Tak różni, a jednak…
Spotkaliśmy się wszyscy w Gliczarowie Górnym w poniedziałek 2 września. Chętni zjechali się z całej Polski: z Gdańska, Warszawy, Kalisza, Katowic, spod Poznania i Kielc. Różne środowiska, różny wiek, różna wrażliwość, ale jeden cel – na tatrzańskich szlakach wspólnie szukać Boga. W ramach części rekolekcyjnej zastanawialiśmy się jak można znaleźć Boga w swojej rodzinie, w sakramentach, w życiu Kościoła, w sobie samym, czy w postawie miłości okazywanej drugiemu człowiekowi.
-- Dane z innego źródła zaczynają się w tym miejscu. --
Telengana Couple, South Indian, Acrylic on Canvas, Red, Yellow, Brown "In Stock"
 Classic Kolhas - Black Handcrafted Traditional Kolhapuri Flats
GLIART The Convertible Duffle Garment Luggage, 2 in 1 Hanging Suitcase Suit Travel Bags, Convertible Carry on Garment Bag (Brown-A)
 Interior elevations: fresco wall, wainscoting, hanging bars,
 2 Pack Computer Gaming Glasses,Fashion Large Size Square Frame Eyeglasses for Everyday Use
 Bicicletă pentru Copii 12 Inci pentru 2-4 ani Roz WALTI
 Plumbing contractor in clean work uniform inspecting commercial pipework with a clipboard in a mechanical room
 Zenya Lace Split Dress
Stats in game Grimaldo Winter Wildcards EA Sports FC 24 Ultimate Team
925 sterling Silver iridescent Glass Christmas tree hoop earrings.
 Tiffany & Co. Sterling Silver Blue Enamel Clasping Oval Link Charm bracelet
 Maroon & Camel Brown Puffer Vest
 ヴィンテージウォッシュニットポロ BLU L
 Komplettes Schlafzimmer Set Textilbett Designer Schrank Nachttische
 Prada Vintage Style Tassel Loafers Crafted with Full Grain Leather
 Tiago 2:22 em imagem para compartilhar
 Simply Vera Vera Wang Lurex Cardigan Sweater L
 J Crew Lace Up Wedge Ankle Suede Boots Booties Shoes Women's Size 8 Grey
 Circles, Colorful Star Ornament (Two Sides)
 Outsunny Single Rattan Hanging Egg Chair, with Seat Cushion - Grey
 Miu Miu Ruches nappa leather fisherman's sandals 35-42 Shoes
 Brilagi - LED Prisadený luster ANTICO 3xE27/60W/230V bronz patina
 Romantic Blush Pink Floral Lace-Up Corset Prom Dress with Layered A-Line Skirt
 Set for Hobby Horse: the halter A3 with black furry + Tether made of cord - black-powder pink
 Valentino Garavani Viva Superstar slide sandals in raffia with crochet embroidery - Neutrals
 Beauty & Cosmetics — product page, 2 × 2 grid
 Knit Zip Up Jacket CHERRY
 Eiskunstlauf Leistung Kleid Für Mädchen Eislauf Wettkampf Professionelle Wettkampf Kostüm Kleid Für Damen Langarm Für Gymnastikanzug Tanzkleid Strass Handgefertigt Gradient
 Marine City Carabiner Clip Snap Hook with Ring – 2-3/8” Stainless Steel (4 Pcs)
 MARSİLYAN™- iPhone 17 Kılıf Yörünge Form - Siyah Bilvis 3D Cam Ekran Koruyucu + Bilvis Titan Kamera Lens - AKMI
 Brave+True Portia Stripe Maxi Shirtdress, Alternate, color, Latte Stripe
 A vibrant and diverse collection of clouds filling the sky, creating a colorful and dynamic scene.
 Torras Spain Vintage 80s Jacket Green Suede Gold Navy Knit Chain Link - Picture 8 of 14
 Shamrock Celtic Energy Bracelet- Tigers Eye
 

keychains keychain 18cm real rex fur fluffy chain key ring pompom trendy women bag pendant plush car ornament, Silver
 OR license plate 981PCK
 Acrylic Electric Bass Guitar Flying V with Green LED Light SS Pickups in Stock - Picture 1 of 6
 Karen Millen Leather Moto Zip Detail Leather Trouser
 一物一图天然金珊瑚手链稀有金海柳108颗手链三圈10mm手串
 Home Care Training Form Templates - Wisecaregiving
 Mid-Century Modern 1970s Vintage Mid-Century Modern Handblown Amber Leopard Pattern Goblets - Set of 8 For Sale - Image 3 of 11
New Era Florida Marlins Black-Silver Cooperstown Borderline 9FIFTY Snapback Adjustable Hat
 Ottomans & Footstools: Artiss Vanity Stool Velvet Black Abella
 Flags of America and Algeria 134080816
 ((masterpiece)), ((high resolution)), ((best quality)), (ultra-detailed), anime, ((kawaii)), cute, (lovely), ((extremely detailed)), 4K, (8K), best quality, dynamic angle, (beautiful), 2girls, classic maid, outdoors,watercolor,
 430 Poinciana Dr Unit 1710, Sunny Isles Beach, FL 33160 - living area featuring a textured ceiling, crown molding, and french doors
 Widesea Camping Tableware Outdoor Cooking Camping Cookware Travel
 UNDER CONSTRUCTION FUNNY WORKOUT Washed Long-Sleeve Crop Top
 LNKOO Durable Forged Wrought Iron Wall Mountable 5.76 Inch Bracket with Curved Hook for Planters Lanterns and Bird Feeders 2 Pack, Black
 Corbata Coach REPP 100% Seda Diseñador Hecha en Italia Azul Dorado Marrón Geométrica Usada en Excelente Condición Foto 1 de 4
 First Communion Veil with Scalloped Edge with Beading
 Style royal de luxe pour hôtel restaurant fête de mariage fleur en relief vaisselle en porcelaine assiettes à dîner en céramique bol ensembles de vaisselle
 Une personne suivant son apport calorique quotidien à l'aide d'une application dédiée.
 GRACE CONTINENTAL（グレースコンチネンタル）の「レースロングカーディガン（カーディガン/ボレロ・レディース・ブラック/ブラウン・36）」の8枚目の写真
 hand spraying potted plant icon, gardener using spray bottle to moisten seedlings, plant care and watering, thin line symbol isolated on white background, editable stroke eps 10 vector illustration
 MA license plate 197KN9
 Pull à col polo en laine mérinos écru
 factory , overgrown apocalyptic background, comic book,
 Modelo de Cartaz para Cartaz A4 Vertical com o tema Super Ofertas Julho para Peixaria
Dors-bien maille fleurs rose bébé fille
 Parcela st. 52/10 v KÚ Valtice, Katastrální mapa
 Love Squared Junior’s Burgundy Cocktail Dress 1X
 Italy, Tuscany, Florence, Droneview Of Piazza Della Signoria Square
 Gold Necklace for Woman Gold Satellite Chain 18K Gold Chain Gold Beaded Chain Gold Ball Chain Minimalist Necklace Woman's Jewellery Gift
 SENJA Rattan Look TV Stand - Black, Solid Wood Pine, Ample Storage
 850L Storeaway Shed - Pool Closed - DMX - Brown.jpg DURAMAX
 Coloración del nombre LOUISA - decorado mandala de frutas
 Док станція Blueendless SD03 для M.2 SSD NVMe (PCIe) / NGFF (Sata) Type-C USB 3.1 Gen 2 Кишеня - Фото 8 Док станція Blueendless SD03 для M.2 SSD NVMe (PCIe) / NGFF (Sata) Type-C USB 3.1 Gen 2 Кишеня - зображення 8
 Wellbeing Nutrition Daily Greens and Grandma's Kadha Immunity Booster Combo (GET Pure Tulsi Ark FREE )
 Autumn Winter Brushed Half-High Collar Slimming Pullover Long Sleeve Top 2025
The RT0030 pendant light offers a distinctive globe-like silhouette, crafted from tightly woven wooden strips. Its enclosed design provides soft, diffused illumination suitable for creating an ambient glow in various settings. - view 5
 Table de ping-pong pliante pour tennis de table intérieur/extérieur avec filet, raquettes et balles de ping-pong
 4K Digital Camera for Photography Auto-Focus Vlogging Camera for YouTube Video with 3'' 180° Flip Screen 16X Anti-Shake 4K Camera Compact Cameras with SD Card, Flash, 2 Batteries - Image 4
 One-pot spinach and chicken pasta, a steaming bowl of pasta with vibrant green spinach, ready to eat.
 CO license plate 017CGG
Nasz plan dnia nie był skomplikowany: rano jutrznia z krótką homilią, śniadanie, wyjazd w góry, obiad, wieczorem Msza święta i planowanie kolejnego dnia.
Od jaskiń, po góry
Choć nie byliśmy tam długo, to udało się przejść większość głównych szlaków. Na dobry początek zdobyliśmy Dolinę Kościeliską wraz z Wąwozem Kraków i jaskinią Mylną. Dla wielu spośród nas było to pierwsze doświadczenie chodzenia w jaskini na czworakach i w wodzie. Choć wyszliśmy z niej strasznie brudni, to jednak zadowoleni. W środę już pogoda była lepsza, więc szlak też był dłuższy i bardziej wymagający – Czerwone Wierchy, z których można było oglądać piękną panoramę Tatr. W czwartek cała grupa podzieliła się na dwie mniejsze. Osoby mocniejsze kondycyjnie zdobyły Kościelec. Pozostali udali się do Doliny Pięciu Stawów, by przez Szpiglasową Przełęcz dojść do Morskiego Oka. Piątek – ostatni pełny dzień naszego pobytu w Gliczarowie – był już zupełnie wypoczynkowy: do południa Rusinowa Polana i Gęsia Szyjka, a po południu regeneracja zmęczonych mięśni w termalnych wodach.
Tylko cztery pełne dni naszego pobytu w górach, a tyle nowych wrażeń, doświadczeń, znajomości i dobrych myśli, które zostały w głowie. Jedno jest pewne – z tym zgodzili się wszyscy – zdecydowanie za krótko. W przyszłym roku chcemy więcej!